The result would be that you would never pay for a text message you send out from your phone. It would always go through your data plan. If the recipient uses the same service, then you would be essentially emailing/chatting with each other for free. Isn’t that what texting really is?
This is just the basic idea and I’m not sure of all the technical details behind it. But there are smart programmers out there who can figure out how to do this well. Let me know if someone develops something like this. Not only will I be grateful, but will review and promote the program. So hop to it.
Temporary solution
I added an email address to the contact info of my friends who text a lot. This address is their cellnumber@teleflip.com. When they text me, I email them back via this address. That way, we keep on texting, but I’m not getting charged per text. It’s not a great workaround, but it works for now.















Nice write up man im right there with you and major kudos i have been using teleflip but i never thought to just add it to my friends contacts
Text messaging is the biggest ripoff in the industry. Instead of a workaround, it should just be included free with your phone or data plan. For the amount of data you send/receive to view a simple web page, you could have sent/received 100 text messages. It makes no sense. Here’s more:
http://www.physorg.com/news129793047.html
@mileslocman Teleflip is awesome. I wish they would make an iPhone app.
@Barry Awesome article. Maybe NASA should go into the telecom business. That could offset the costs of our next Mars lander.
Great idea. I have unlimited texting on my iPhone 3G plan and it makes me feel — let’s say — violated. I know about teleflip and other workarounds but my gratuitous caffeine-intake says they are too frustrating. I have friends with cellular devices from the dark ages(they might as well carry around stone tablets), also, so AIM and email are out of the question.

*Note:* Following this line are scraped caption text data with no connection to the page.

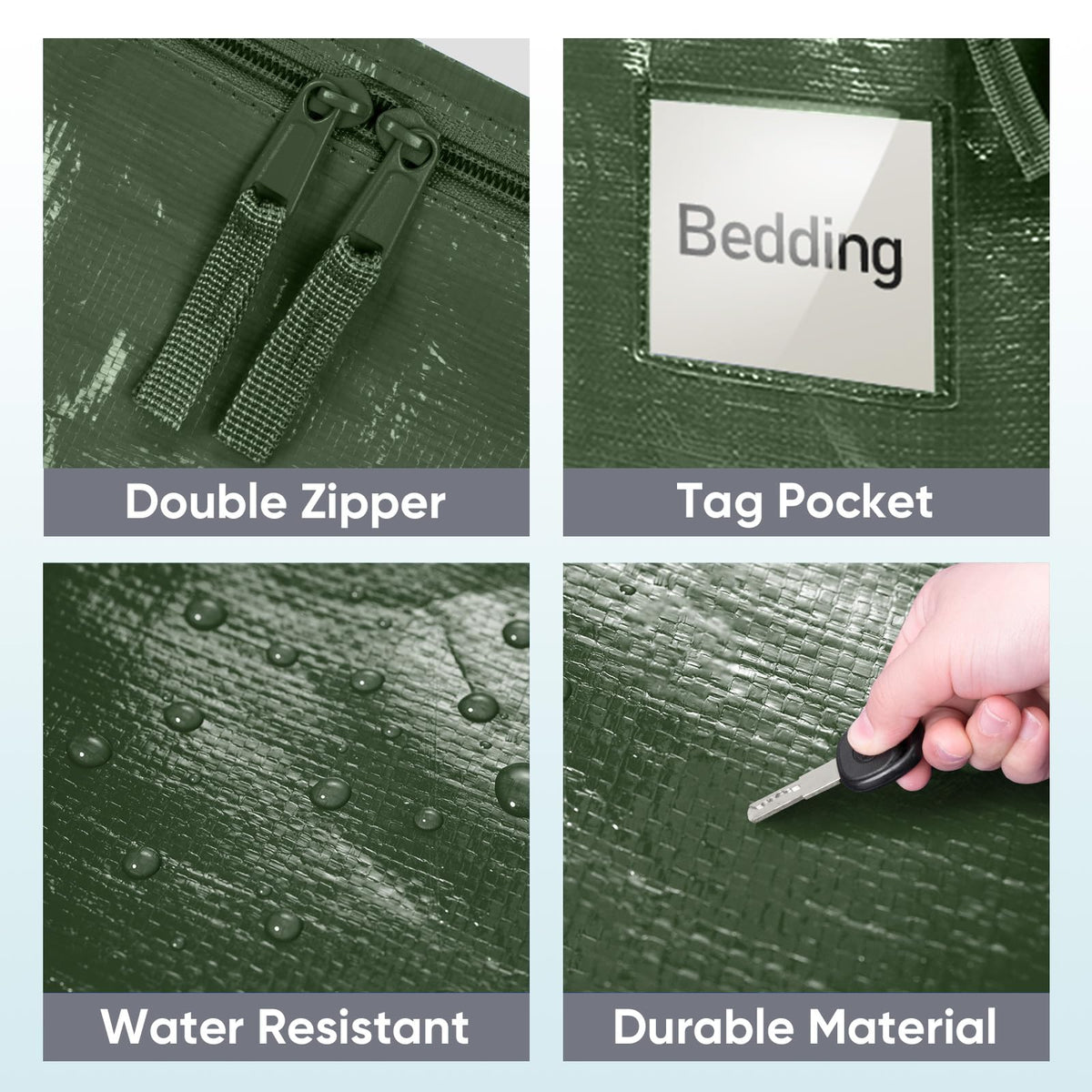 TICONN olive bag with wrap-around handles supports heavy loads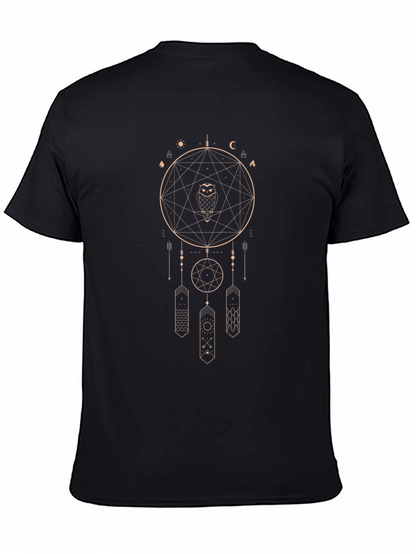 Mystic Owl Dreamcatcher Graphic Tee - Black Cotton Shirt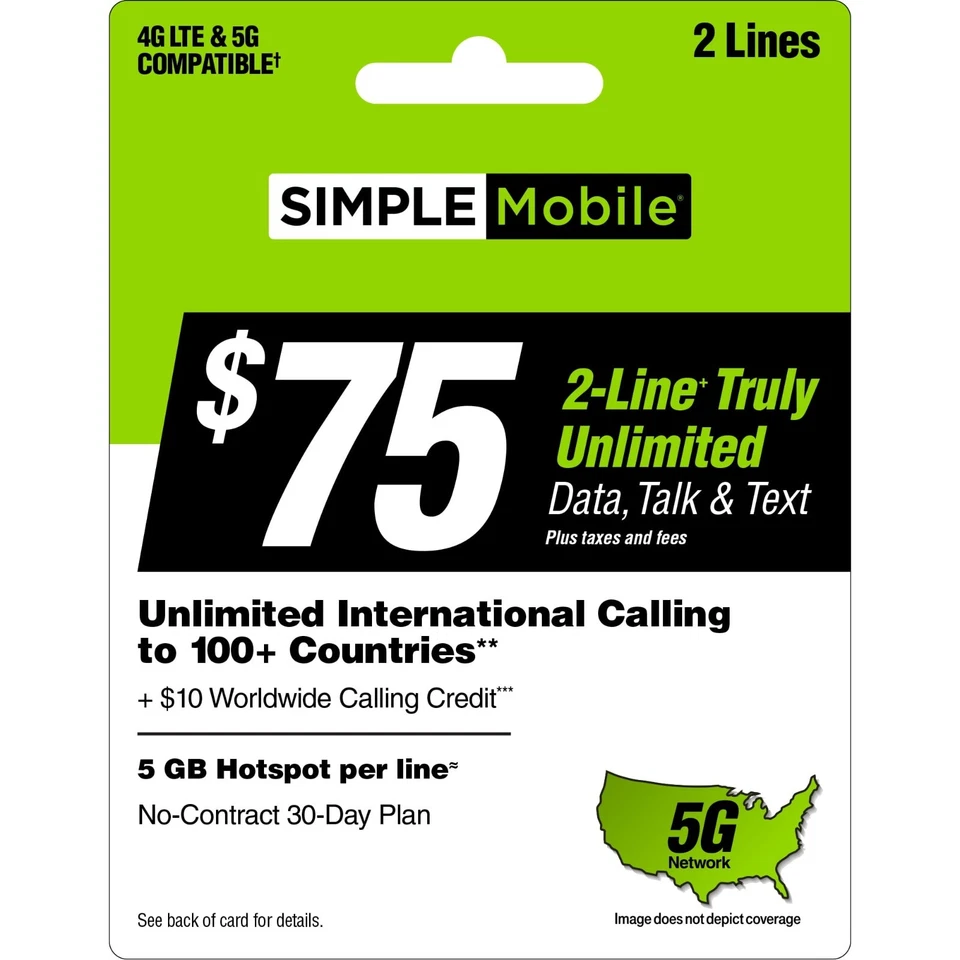 $75 SIMPLE MOBILE REFILL | TOP UP - Image 1 of 1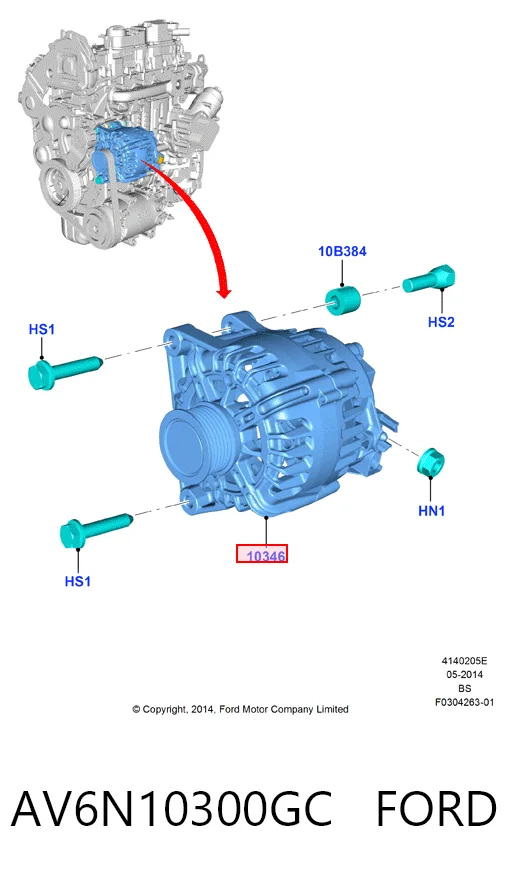 AV6N10300GC Ford Gerador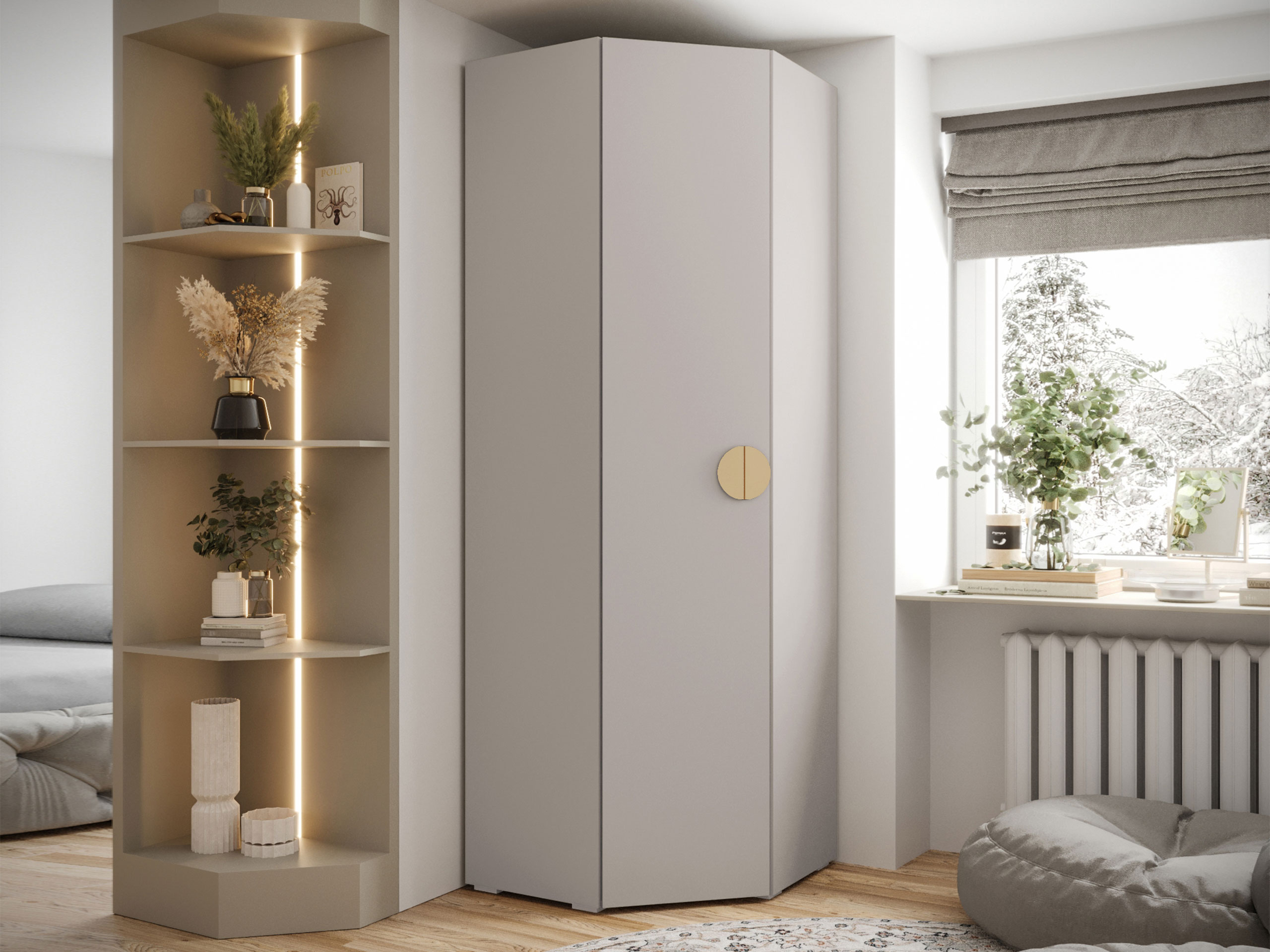 Hoekkledingkast Hartford 568 (Kasjmier)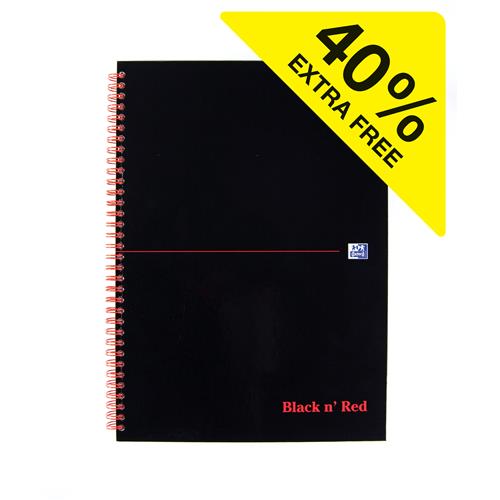 Black N Red A4 Wirebound Hard Cover Notebook Ruled 140 Pages Black/Red (Pack 5) - 100103711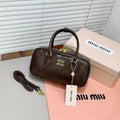 Miu Miu Arcadie Patent Leather Bag (Dark Brown)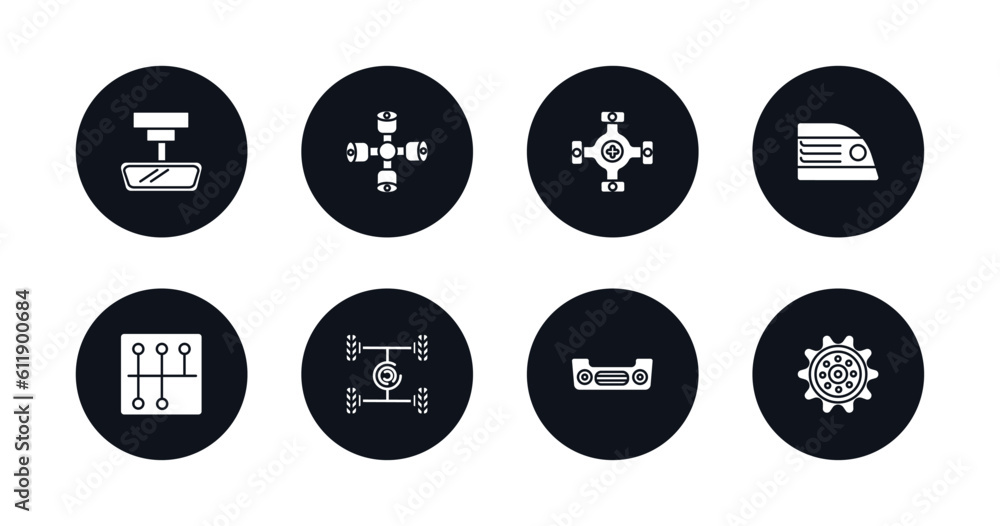 symbol for mobile filled icons set. filled icons such as car rear-view mirror, car wheel brace, car universal joint, brake light, gearbox, suspension, bumper, sprocket vector. symbol for mobile filled icons set. filled icons such as car rear-view mirror, car wheel brace, car universal joint, brake light, gearbox, suspension, bumper, sprocket vector.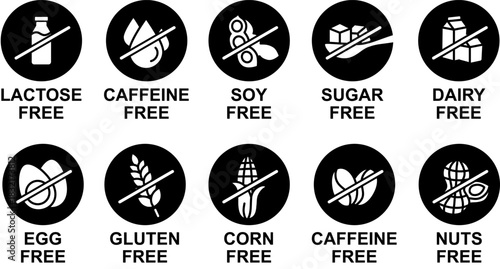 Complete set of food allergen and dietary restriction icons, with black and white symbolism, icons with claims of products free of substances for health and well-being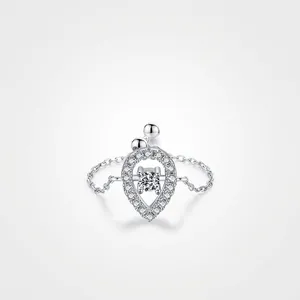925 Sterling Silver Teardrop Ring With Dancing Zircon Adjustable Chain Band Elegant Jewelry Gift For Women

Anywho, this sounds like an easy job for anyone with knowledge of Objective-C. Unfortunately, my coding skills are very crude at the moment, but if someone were to develop this, I would gladly jump on the bandwagon. This app would look increasingly good as Apple’s support of third-party PUSH approaches.
Oh, and don’t get me started on undeveloped product ideas. Many-a-time have I thought about taking my grant money to begin producing; I’ve reasoned to wait until I’m more educated though and, therefore, better able to execute them. I just hope my entrepreneurial spirit doesn’t mature and die.
It would get pulled from the App Store, just like the tethering app was in the US (but not in other countries where carriers don’t care whether you use your iPhone as a wireless modem for your laptop). They can also blacklist the app so it won’t work even if it slips through and a few people get it. Our best bet as far as this goes is if they get pegged with antitrust violations over text message prices.
That said, once I get a Mac maybe I will try making an app like this (I am a software engineer).
Looks like Teleflip is no longer working… the problem with an app like this is that it requires a server with bandwidth, and that has to be paid for somehow. If people wouldn’t mind ads appended to their text messages (and would actually pay attention to them enough that the advertisers would pay for it), it could be viable…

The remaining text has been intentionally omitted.